Bobby Maiden’s lips parted, as if to resume the chant, but all that came out was a hiss, a sibilance, a rustling, in more than one tone. As though one hiss was communicating with another, a whispered conversation.
A whispered conversation between huddled figures. Identifying the location.
Cindy shook him, yelling in his face. ‘Stop. Get up. Get up!’
They could have got through this. It could have been over.
But then, just as Charlie came to that routine stuff about how if anyone knew of any just cause or impediment why these two fine young people should not, right this minute, be declared man and wife, then …
… then, in the east, over towards the city of Oxford, came a small but vivid flaring in the sky.
Christ.
Pushing people’s hands apart, Grayle ran out towards the altar. Reaching it about half a second before the distant punch of thunder.
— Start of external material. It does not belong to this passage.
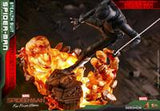 SPIDERMAN STEALTH SUIT DLX ACT FIG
‘Listen, I’m sorry … I’m sorry …’
The Reverend Charlie broke off, half turned to her. Another faraway fan of lightning briefly lit up his creased surplice.
‘Grayle?’
‘Charlie, listen to me, we have a problem. No sweat, but we need to suspend this ceremony. Until the storm passes. We have to get all these people out of here.’
Laid-back old Charlie, a dope-haze over his senses, he just looked at Grayle, kind of curious. But Matthew Lyall — a bulge in his top pocket that anyone could see was a ring box — was cold-sober and angry.
‘Who says?’
‘Me. I say. Please. You saw the lightning. That’s bad news, Matthew. That is very seriously bad news. See, I was hoping it was gonna pass, but it didn’t, and that’s real bad news, I’m sorry.’
‘Grayle, what on earth are you trying to do? This is our wedding.’
‘I, uh … Listen, I got a bad feeling about this whole thing. I’m a very sensitive person, Matthew, OK? Holy … Holy Grayle, right? In the States people listen to me. You should listen to me.’
‘I’ll listen to you as long as you like when Janny and I are married. Which would probably have been by now, if you hadn’t-’
‘You saw that lightning? Up in the sky? It’s gonna come closer. My feeling … I get feelings, OK, you should listen to my feelings … and my, er, strong, deep-down psychic feeling is you should not be getting married in a storm. It’s bad luck. It will overshadow your whole married life. Cause instability, and in … uh … infertility. Your marriage will be barren.’
In the third, slightly brighter flash, Janny Oates’s face crumpled like a paper bag, and Grayle felt like a piece of shit.
The slow, rolling thunder seemed to set off mutterings everywhere. ‘Who the hell is this woman?’ demanded some deeply offended, deeply Oxford-English man’s voice among the congregation. ‘She on drugs?’
A fourth flash lit a stone which was knotted and eroded — good Christ — into the shape of a hunched-up, grinning, winged demon, with a long neck and a bony crest on top of its head. Jesus, it was just a stone. They were all just stones. Like Adrian Fraser-Hale was just a guy.